What this task involves: Print word for word the first line of the listing below and every line after it, through the line with "LED Осветление за". Leave out the pictures and the rest.

Exercise data:
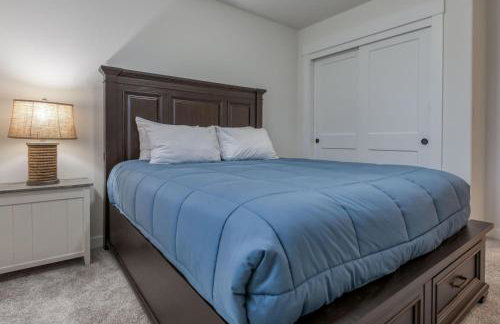 Hideaway in Seaside - Photo 22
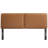 Modway Lindee Headboard-98135983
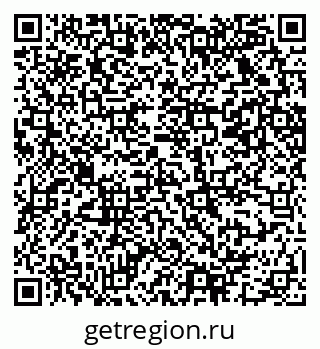 79069221947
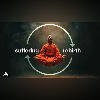 Understanding Buddhism: Embracing Life's Challenges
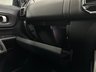 USED 2020 70 CITROEN C5 AIRCROSS 1.5 BlueHDi Flair Euro 6 (s/s) 5dr 1-OWNR, CARPLAY, R-CAMERA, 18"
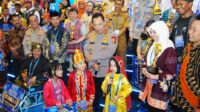 IMG-20260812-WA0004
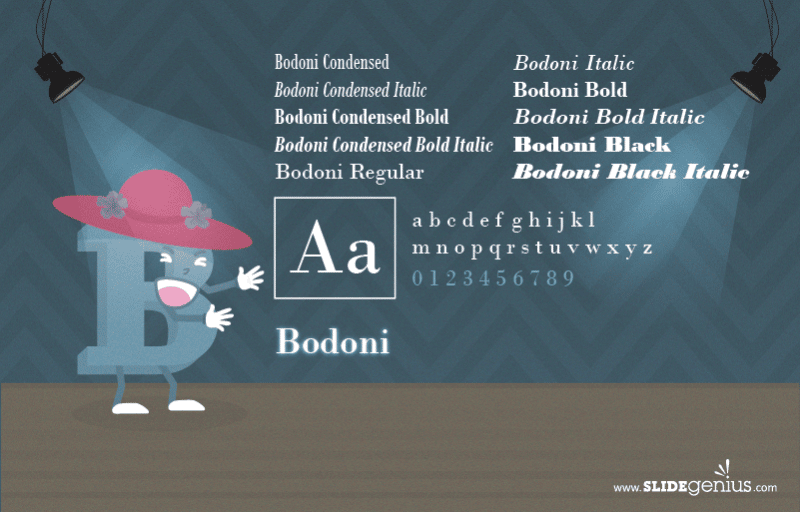 08-bodoni-800x512-8414082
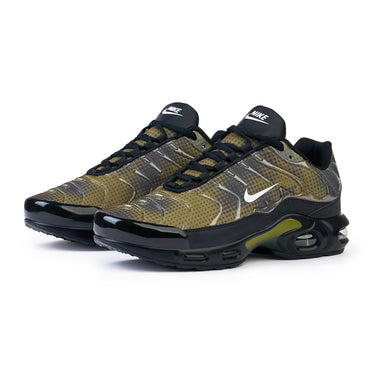 AM TN Pixel Green/Black
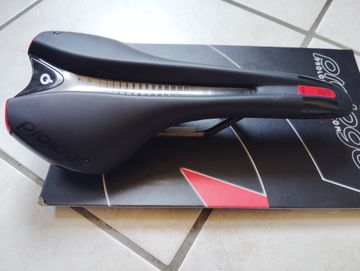 Gebrauchtes Prologo Nago Space 141 bike — Bild 2 von 2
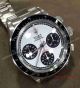 2017 Rolex Paul Newman Daytona Watch Vintage Replica White Chronograph Dial (8)_th.jpg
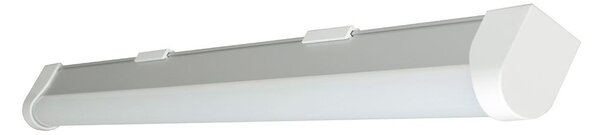 LED Осветление за кухненски плот LED/15W/230V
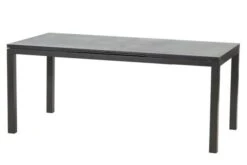 KETTLER Basic Plus Sitzgruppe, Anthrazit/anthrazit, Alu/Textilene, 180/240x90cm, 4 Stapel-, 2 Multipositionssessel -Kettler Verkaufsgeschäft 7 17231.jpg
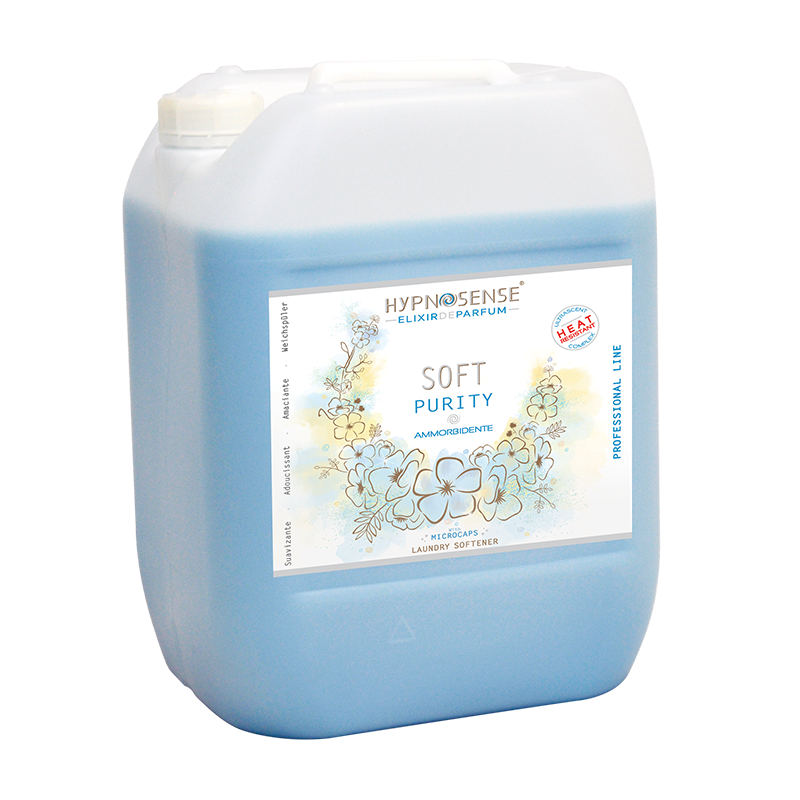 ah45 015nsoft purity 20kg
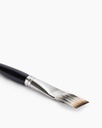 Artist Brush S69 Series Flat No. 12
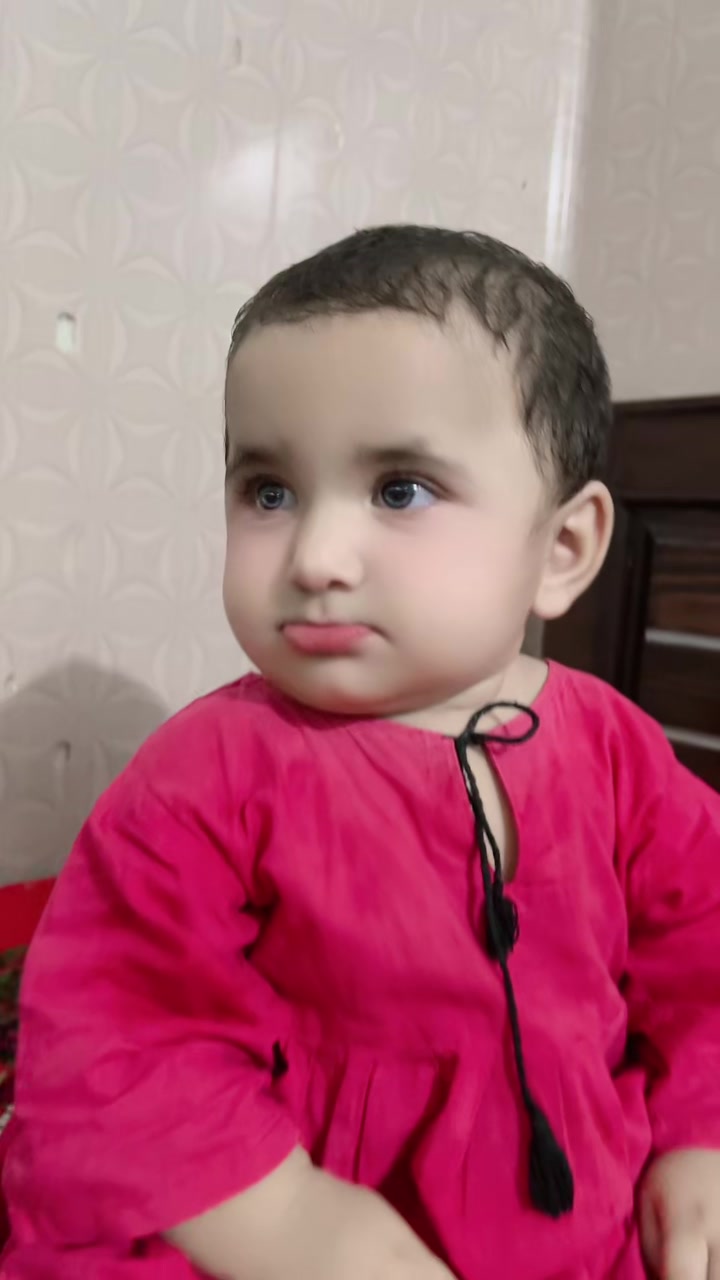 @Safa Marwa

Your solution:
 Hideaway in Seaside - Photo 22
 Modway Lindee Headboard-98135983
 79069221947
 Understanding Buddhism: Embracing Life's Challenges
 USED 2020 70 CITROEN C5 AIRCROSS 1.5 BlueHDi Flair Euro 6 (s/s) 5dr 1-OWNR, CARPLAY, R-CAMERA, 18"
 IMG-20260812-WA0004
 08-bodoni-800x512-8414082
 AM TN Pixel Green/Black
 Gebrauchtes Prologo Nago Space 141 bike — Bild 2 von 2
 2017 Rolex Paul Newman Daytona Watch Vintage Replica White Chronograph Dial (8)_th.jpg
 LED Осветление за кухненски плот LED/15W/230V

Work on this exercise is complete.